I often get a lot of hits/visits on the original post I did almost 2 years ago. From there, I’ve responded to a lot of emails and comments (225 as of last count) and hopefully, helped would-be entrepreneurs to start out. Sana, by this time, kumikita na ang mga cafe nyo.
After that original post, I augmented it with a follow-up post; Internet Cafe Business where I helped a reader on her question of whether to buy brand new PCs or buy an already furbished shop.
In this installment, I’ll tackle some of the most-often asked questions; Capital: How much do you need to start out? and Return on Investment (ROI)
Start An Internet Cafe Business in the Philippines (Part 2)
A) CAPITAL? How much is “enough”?
The bulk of your capital will go to 2 things; first are the computers.
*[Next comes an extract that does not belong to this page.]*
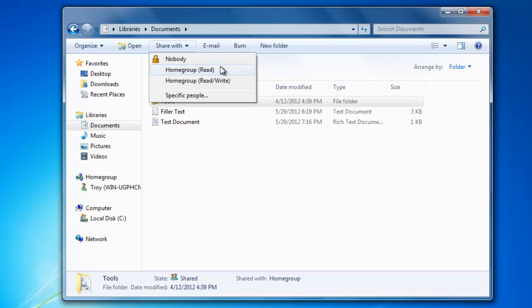I could also choose to allow other people to be able to view the folder but not make any changes by selecting the Home Group Read option. By default, any folder that is being shared with the Home Group is going to have the Read Write permissions. This means that anyone who has access to the Home Group will be able to view the files and folders or edit and delete the files and folders.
Syempre, an Internet Cafe is useless without them, diba? The second would be deposits and advances for rent or lease. The first thing to do is decide on the SCALE of your operations. Based on feedback, reports, my own feasibility studies, and experience, it’s best to start with at least 20 or more PC units. Starting with less will mean less income and you won’t be able to recoup or head to that sweet spot – the R.O.I or Return on Investment. Why? Because the number of seats will be finite. Meaning, you will never be able to cope up with demand whenever you have a lot of “waiting” customers.
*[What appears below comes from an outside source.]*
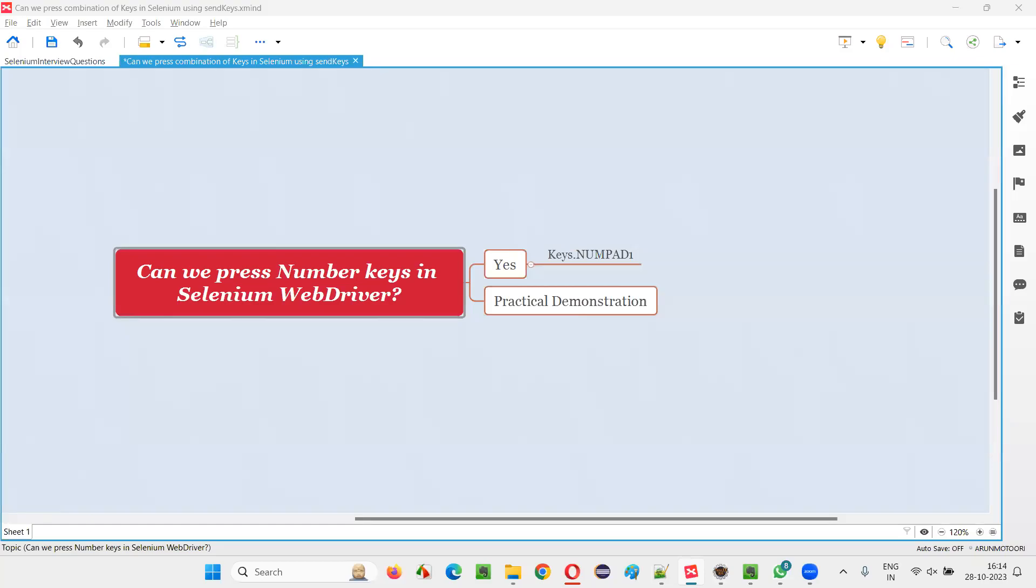Hello all, welcome to this session. In this session, I'm going to answer one of the Selenium interview questions. That is, can we press number keys in Selenium WebDriver Automation?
So, how much capital is “enough”? Let’s just base it on the current market price of a PC. According to this online PC store, a gaming rig will cost you around PHP 37,000. This already includes the LCD monitor (it’s a complete set). This means that for 20, you will need to invest P740,000 for the units alone.
A lot of readers and would-be business owners ask me online if cutting back on costs on PCs is a good idea… meaning, that they try to look for the cheapest PC set and buy that. My advise: No, no, no!!! Why? Because your primary investment are the computers. Cutting down on costs will only be more expensive in the long run. Take note that games and applications will be more powerful in mere months, this means that you have to constantly upgrade your PC to stay competitive (because you don’t want your competitors to have the better machines). This translates to more costs rather than investing it at the start.
Now, back to the example…
Let’s do a simple computation on capital based on the following assumptions
- Number of PCs: 20
- Monthly Rental or lease for shop: P20,000.00
- Operation Hours” 9am to 12 midnight (15 hours daily)
- Number of employees: 2
- Connection: DSL 3-4 MBPS (costs roughly P4,000 per month)
- Rental Rate: P20 / hour

As you can see, the capital needed is nearly a million bucks. That’s ok. I’ll help you plan your work and work your plan on how to get back that investment.
Let’s go to the next topic, shall we?
B) RETURN ON INVESTMENT
In order to figure out how to get your ROI (the period it takes na bawi na puhunan mo), you have to think in terms of occupancy. This is the single, measurable metric you have in the I-Cafe business. Occupancy will come in a percentage. Simply put, how much will your cafe gross in a day if the computers were rented 100% during your day’s operation hours.
Using that thought, here’s the answer;
20 PCs X 20 Pesos per hour x 15 hours in a day = P6,000
Now we know that you will gross 6K a day assuming na walang tatayo and occupied ka whole day. This translates to around P180,000 in a month gross income.
Now that we know this value, let’s set some goals. Let’s target around 40% occupancy on the first half of the year and then increase that to around 50% to 60% before the end of the first year. Btw, 50% occupancy rate for a cafe is actually good enough.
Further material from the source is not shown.